Mar. 2000 | XAVIER PERRET,1 CHRISTIAN STAHELIN,2 AND WILLIAM J. BROUGHTON1*
The article explores the molecular basis of symbiotic promiscuity in legumes and rhizobia. It begins with a historical overview of the study of nitrogen-fixing symbioses, highlighting early observations and experiments that demonstrated the role of bacteria in nodule formation. The focus then shifts to the molecular mechanisms governing broad host range (promiscuity) in rhizobia, which are considered a paradigm for other microbial symbioses.
The introduction of flavonoids and Nod factors is discussed as key signals in the initial phases of nodulation, guiding the reorientation of root hair cell wall growth and the formation of infection threads. NodD proteins play a central role in this process by binding to specific DNA motifs (nod boxes) and regulating the expression of nodulation genes.

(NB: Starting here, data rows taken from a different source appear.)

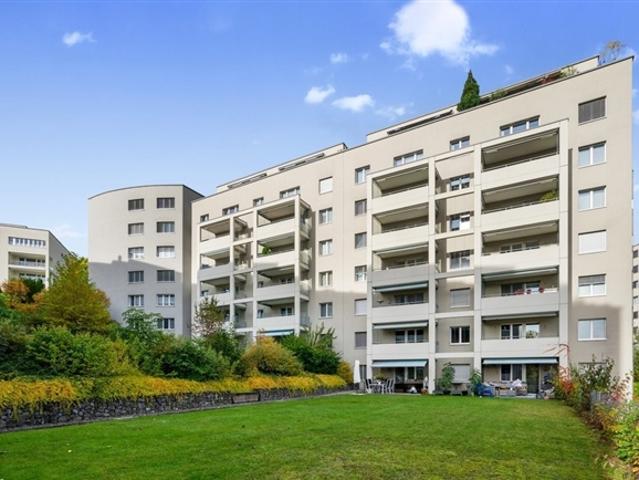 Träume werden Räume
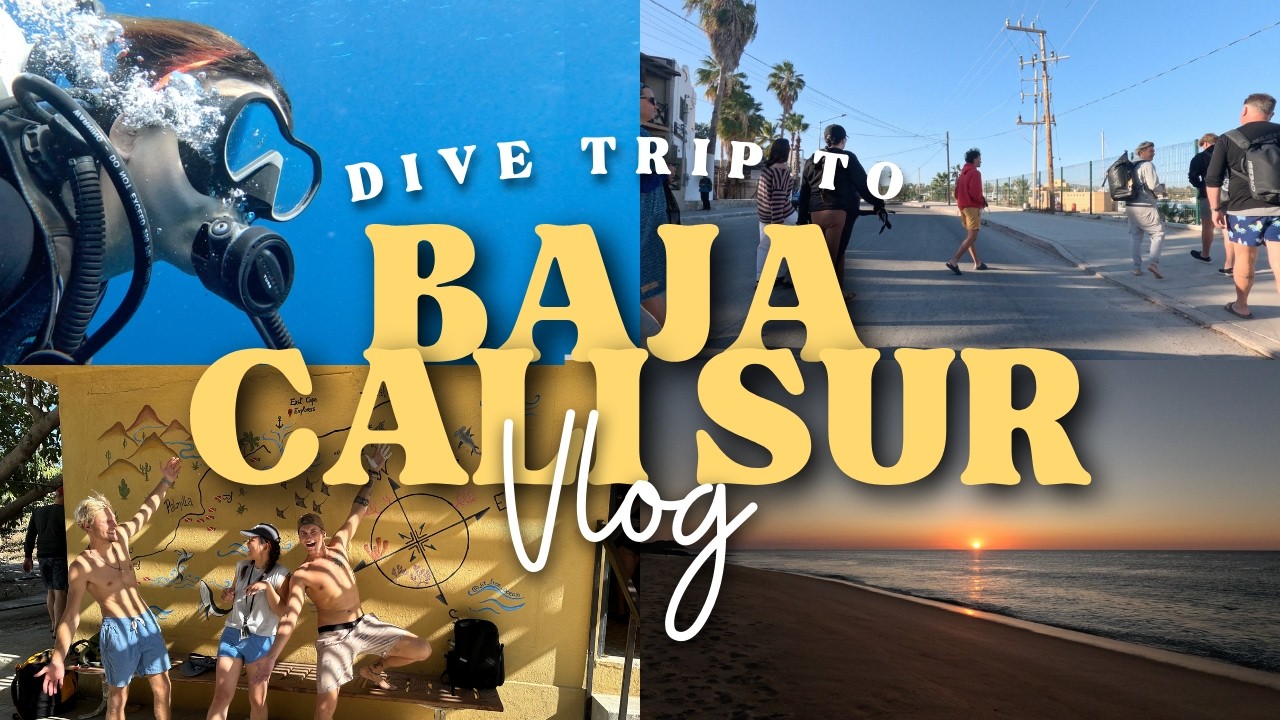 Swim with the GIANTS of the Sea of Cortez in Mexico | solo travel bucketlist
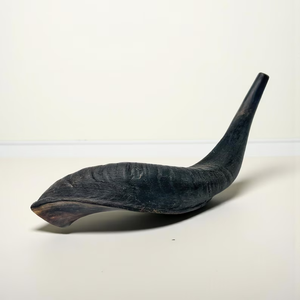 Standard Quality Polished Eco-Friendly Ram Drinking <b>Horn</b> Decorative <b>Horn</b> Pair for Worldwide Export India <b>Buffalo</b> <b>Horn</b> Saniya - Product Image 4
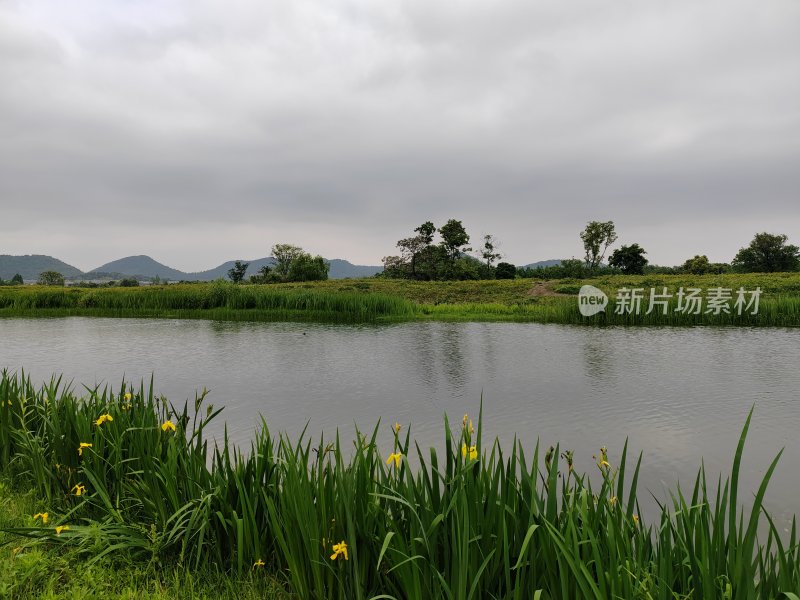 水边生长绿植的自然景观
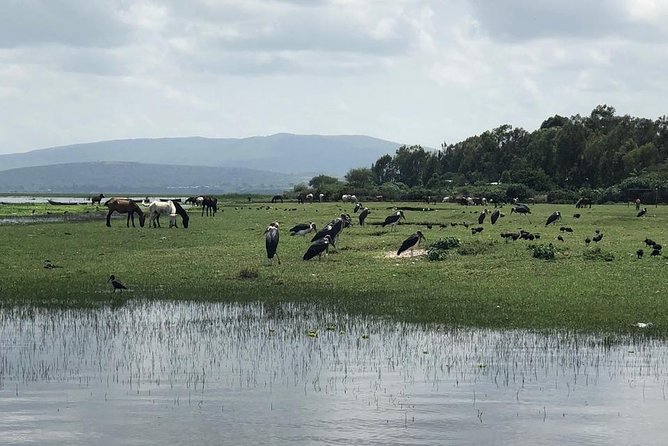 Addis City Tour & Crater Lakes Excursions in Debreziet! - Transportation Details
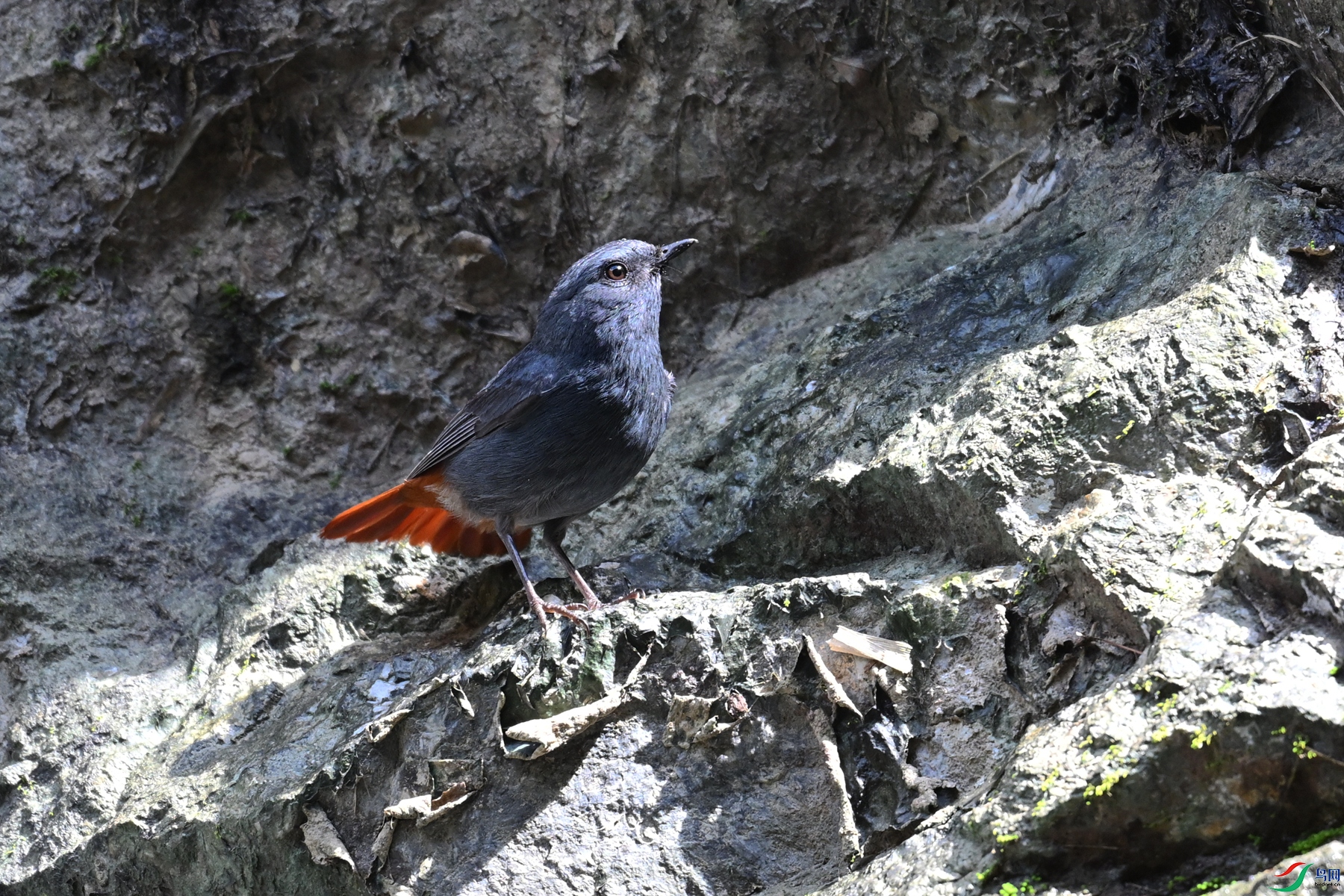DSC_2239.JPG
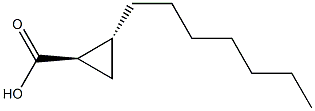 CISANDTRANS-2-HEPTYLCYCLOPROPANECARBOXYLICACID 化学構造式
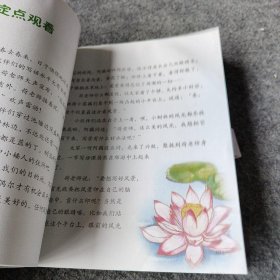 小莲藕学写话：作文起步轻松写百字的42堂课（下）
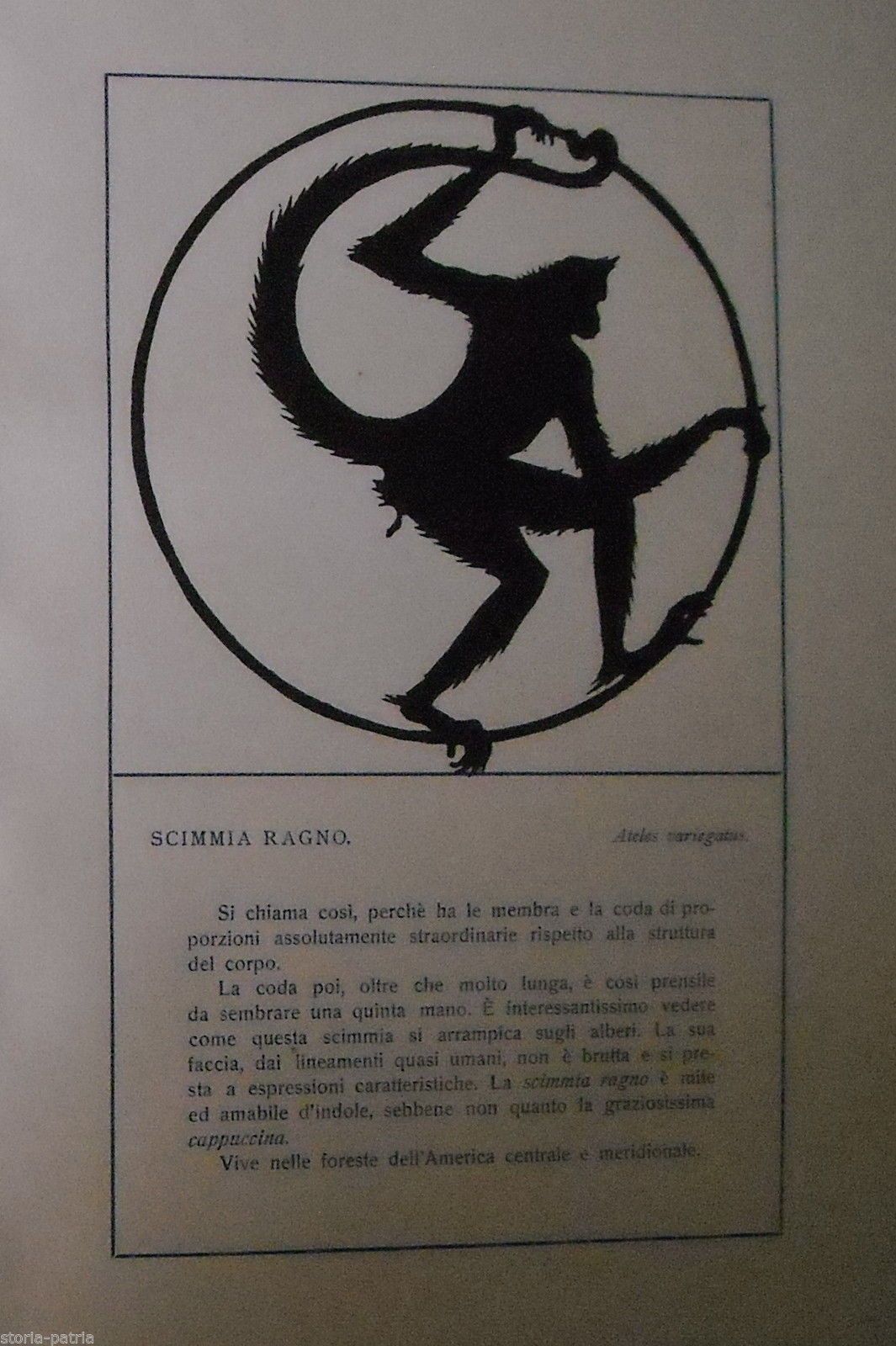 Stampa Antica Scimmia Ragno Ateles Variegatus Primo '900 Mochi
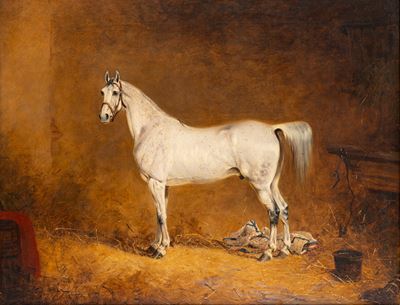 Cavallo Bianco nella Stalla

The article delves into the detailed structures and functions of Nod factors, including their synthesis, modifications, and interactions with host plants. These modifications, such as fatty acid addition, 6-O glycosylation, sulfation, acetylation, and methylation, are crucial for host specificity and can be influenced by the host plant's flavonoids.
The role of Nod factors in opening the "outer door" for bacterial entry into legume root hairs is emphasized, followed by the exploration of additional bacterial signals required for the continued development of infection threads. The article also discusses the potential existence of an "inner door" within infection threads and other host range keys that are necessary for the formation of symbiotically proficient nodules.
Overall, the article provides a comprehensive analysis of the molecular mechanisms underlying the broad host range of rhizobia, highlighting the complex interplay between bacterial and plant molecules in establishing successful symbioses.The article explores the molecular basis of symbiotic promiscuity in legumes and rhizobia. It begins with a historical overview of the study of nitrogen-fixing symbioses, highlighting early observations and experiments that demonstrated the role of bacteria in nodule formation. The focus then shifts to the molecular mechanisms governing broad host range (promiscuity) in rhizobia, which are considered a paradigm for other microbial symbioses.
The introduction of flavonoids and Nod factors is discussed as key signals in the initial phases of nodulation, guiding the reorientation of root hair cell wall growth and the formation of infection threads. NodD proteins play a central role in this process by binding to specific DNA motifs (nod boxes) and regulating the expression of nodulation genes.
The article delves into the detailed structures and functions of Nod factors, including their synthesis, modifications, and interactions with host plants. These modifications, such as fatty acid addition, 6-O glycosylation, sulfation, acetylation, and methylation, are crucial for host specificity and can be influenced by the host plant's flavonoids.
The role of Nod factors in opening the "outer door" for bacterial entry into legume root hairs is emphasized, followed by the exploration of additional bacterial signals required for the continued development of infection threads. The article also discusses the potential existence of an "inner door" within infection threads and other host range keys that are necessary for the formation of symbiotically proficient nodules.
Overall, the article provides a comprehensive analysis of the molecular mechanisms underlying the broad host range of rhizobia, highlighting the complex interplay between bacterial and plant molecules in establishing successful symbioses.